Выбрать главу

Я вижу, что эта разнообразно варьирующаяся тенденция, главное настроение девятнадцатого века, его подлинная, не витийствующая, не сентиментальная, отторгающая культ изящных чувств покорность перед действительностью и есть то решающее, чем он меня одарил; именно этот дар ограничивает, сковывает моё естество в отношении части новейших стремлений, не принимающих мой мир, поскольку в нём-де нет этоса. В романе двадцатипятилетнего автора, возникшем на рубеже веков, не было никакого «духа, поставленного на службу желательности», никакой социальной «воли», никакого пафоса, велеречивости, сентиментальности, скорее пессимизм, фатализм и улыбка, и в своей меланхоличной покорности он и впрямь стал штудией упадка. Одной невзрачной цитаты будет довольно для обозначения – да простится мне это слово – духовно-исторического места книги.

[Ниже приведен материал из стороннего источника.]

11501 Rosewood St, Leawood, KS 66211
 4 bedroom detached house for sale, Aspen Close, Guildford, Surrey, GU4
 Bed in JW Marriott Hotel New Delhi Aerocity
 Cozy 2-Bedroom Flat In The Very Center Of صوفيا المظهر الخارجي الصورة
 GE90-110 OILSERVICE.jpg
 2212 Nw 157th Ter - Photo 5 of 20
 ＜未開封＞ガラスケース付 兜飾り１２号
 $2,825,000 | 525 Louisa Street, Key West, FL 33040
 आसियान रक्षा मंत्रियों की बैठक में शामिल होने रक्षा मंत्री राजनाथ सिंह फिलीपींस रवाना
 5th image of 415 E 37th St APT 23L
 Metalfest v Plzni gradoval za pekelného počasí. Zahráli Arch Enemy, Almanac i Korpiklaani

Под конец рассказываются горькие, уродливые школьные истории. «Те из двадцати пяти молодых людей, – говорится там, – что отличались устойчивой конституцией и были достаточно сильны и ловки для жизни, какова она есть, и сейчас отнеслись к положению вещей просто, не почувствовав себя им оскорблёнными, сочтя все это самоочевидным и обычным. Но нашлась и пара глаз, в мрачной задумчивости смотревших в одну точку»… Их обладатель – маленький Иоганн, утóнченный вырождением и всего-навсего музыкально одарённый последыш бюргерского клана. «Маленький Иоганн впился взглядом в широкую спину сидевшего перед ним однокашника, и его золотисто-карие, затенённые синевой глаза были полны отвращения, внутреннего протеста и страха». Так вот, строптивость, чувствительно-нравственный бунт против «жизни, какова она есть», против данности, действительности, «власти», эта строптивость как признак упадка, биологической недостаточности, сам дух (и искусство!), понятый и поданный как такой признак, как продукт вырождения, – это и есть девятнадцатый век, его взгляд на соотношение духа и жизни, правда, опять же, с особым, крайним оттенком, ставшим возможным лишь после того, как указанная печально-искренняя тенденция достигла своей кульминации у Ницше.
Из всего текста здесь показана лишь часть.